Kernel doesn't provide an interface to send a message in an unified way to any of (decided during runtime) - local pid, local process name, process on another machine. Erlang VM does exactly that. Sure, you can implement everything yourself - along with process control, notifications, distributed database, live code reloading and put it inside kernel, but I doubt that's what you really want... Erlang provides all that stuff out of box using - yeah - unix system programming. If they spent more than a decade getting that right, why should anyone redo it from scratch?

His points:

- scalability (multi-master distributed database) - library feature

- fault tolerance (writing code as FSMs, ability to get information from remote nodes, notification about a node in a network going down) - language feature, not kernel

- load balancing (i.e. erlang's Distributed Named Process Groups) - language/library feature

You can of course deploy your own system of connection fault reporting, etc. But why do it, if erlang provides a node monitor and simply sends you a message when that node goes down?

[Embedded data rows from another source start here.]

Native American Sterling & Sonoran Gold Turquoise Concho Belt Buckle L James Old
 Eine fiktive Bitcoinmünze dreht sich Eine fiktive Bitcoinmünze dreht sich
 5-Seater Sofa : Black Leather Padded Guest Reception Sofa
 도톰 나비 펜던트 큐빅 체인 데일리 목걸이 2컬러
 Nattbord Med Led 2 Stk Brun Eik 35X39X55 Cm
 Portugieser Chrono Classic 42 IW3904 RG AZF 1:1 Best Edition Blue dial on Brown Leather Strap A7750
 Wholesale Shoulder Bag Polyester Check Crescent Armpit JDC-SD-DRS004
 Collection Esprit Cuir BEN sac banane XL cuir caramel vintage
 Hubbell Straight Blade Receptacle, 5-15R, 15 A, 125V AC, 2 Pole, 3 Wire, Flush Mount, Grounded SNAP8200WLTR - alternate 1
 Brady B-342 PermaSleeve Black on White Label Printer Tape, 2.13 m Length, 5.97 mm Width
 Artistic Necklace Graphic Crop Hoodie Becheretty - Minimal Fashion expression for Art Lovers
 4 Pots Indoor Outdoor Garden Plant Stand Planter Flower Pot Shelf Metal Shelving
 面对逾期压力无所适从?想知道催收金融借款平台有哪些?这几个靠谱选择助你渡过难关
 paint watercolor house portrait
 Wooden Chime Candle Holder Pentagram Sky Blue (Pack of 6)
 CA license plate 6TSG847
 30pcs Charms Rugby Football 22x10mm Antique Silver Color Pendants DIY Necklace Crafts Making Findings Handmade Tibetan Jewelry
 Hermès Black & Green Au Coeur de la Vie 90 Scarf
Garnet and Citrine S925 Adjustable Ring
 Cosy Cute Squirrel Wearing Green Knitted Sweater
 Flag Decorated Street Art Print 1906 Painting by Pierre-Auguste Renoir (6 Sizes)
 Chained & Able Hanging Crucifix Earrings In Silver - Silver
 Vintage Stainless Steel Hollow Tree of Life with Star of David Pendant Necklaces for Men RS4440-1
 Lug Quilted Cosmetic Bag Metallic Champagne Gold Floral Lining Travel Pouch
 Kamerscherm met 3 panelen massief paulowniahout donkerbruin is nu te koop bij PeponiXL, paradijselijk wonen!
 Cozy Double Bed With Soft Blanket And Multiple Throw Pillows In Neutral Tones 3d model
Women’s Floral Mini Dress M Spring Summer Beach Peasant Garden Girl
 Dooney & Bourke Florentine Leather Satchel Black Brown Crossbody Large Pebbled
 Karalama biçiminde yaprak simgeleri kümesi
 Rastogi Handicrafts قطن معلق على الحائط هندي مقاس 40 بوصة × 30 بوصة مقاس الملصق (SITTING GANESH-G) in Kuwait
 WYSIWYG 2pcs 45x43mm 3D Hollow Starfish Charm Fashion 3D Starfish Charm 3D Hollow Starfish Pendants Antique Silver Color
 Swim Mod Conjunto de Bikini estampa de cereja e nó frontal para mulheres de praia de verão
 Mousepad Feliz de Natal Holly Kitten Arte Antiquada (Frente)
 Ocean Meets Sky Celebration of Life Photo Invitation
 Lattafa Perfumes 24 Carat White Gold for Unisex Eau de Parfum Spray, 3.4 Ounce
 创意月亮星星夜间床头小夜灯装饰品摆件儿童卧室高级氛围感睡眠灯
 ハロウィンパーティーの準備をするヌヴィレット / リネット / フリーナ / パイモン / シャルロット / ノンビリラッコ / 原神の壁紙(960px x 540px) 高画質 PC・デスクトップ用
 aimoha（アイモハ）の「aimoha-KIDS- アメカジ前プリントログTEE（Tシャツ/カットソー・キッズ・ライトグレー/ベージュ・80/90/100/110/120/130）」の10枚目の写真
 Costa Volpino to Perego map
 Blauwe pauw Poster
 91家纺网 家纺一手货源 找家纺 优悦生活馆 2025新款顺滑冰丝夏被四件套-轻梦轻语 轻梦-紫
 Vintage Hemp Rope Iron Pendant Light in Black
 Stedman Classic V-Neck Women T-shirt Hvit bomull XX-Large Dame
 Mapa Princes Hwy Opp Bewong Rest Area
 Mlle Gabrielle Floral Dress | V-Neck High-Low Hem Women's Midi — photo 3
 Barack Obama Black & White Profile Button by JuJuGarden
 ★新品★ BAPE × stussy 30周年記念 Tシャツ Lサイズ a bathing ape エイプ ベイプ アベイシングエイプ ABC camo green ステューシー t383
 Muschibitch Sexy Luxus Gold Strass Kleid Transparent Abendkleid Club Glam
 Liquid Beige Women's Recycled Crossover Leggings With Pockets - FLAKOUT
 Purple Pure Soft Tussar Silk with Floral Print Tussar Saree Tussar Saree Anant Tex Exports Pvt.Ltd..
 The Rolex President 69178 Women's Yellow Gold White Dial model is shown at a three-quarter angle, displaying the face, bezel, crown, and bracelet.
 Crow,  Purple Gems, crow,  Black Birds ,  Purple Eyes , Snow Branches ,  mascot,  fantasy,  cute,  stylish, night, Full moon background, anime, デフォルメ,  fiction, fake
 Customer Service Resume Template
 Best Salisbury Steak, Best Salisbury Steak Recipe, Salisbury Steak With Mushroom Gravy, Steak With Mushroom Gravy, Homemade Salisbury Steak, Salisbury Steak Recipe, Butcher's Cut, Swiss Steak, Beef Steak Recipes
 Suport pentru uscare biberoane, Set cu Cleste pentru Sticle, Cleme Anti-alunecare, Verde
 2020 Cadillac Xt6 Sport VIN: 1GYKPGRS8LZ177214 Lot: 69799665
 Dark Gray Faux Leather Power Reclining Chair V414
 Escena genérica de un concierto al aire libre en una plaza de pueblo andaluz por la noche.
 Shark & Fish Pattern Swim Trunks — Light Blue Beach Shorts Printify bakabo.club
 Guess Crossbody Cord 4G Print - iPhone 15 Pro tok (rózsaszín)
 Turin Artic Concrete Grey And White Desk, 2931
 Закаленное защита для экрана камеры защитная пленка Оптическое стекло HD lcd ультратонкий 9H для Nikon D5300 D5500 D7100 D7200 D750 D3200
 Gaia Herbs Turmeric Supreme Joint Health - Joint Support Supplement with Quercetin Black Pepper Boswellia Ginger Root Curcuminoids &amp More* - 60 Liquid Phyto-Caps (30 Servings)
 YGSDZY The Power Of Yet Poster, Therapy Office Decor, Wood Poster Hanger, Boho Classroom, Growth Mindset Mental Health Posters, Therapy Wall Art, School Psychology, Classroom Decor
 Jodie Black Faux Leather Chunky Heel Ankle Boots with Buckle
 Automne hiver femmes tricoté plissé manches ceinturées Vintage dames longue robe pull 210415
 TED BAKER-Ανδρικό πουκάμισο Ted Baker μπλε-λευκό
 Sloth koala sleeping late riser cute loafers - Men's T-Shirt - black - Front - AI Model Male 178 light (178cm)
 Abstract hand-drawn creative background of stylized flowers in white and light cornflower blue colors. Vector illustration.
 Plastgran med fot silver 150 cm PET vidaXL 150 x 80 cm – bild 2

Yet for some reason, the great majority of the world's network applications do fine without Erlang VM.

[Edit: keep in mind that his application was a poker game server when you re-read that article. "Even" in 2005, the technology to do that was available, without Erlang.]

I have more to say about this but I am afraid I will end up spending the rest of the day proving someone "wrong".


Sure they work without Erlang VM. A lot of them also do fine without UNIX. That doesn't prove anything or anyone wrong or right.

He simply described his experience in writing a highly distributed system and proved it can be robust. He also did write it in 6 weeks, which I think is a big achievement for any (working) distributed system in any language. But saying he was language hopping because he "[didn't] understand Unix systems programming" is a bit silly. If he claims it made the experience better, I don't understand why you imply he doesn't program in a proper Unix way. He used the right tool for the right job.

I agree with you completely; Erlang is indeed the best tool for the job, if you know it well. But my point is that none of the other tools he glossed-over make high-performance server programming impossible; in fact, it's trivial in most of them.

As a matter of fact, Erlang is the only one in that list that has a bondage-and-discipline evaluation model and runtime; all others allow you to interface with native system calls and you will get your requests the instant they arrive and you can process them in $HLL of your choice.

His application domain does not at all suggest a requirement for seamless distribution. A poker server! And if you look closely at the languages of his choice, you see that he didn't have a clear idea; Delphi?

He could have easily "distributed" the application with primitive load balancing. Have a single server handle requests and player signups up to a certain high water mark. I mean, how many players are in a given poker table anyway? Then direct new requests to your standby backup server. Repeat, in round-robin fashion.

By the way, I remember him from comp.lang.lisp; and my memory might have tainted my judgment of the article.

Also, a lot of $HLL programmers have this weird prejudice about C and proper systems programming. They want to do everything in $HLL, down to <insert lowest threshold>. That's silly, C is the native language of most OSes, use it for its power, but only just where necessary.

I wish there was a neat way to keep all game-related code in a more approachable language than Erlang. It would be great to have the difficult bits of the server in Erlang, with the relatively simple game code being maintained in e.g. Java by programmers that don't need to be experts.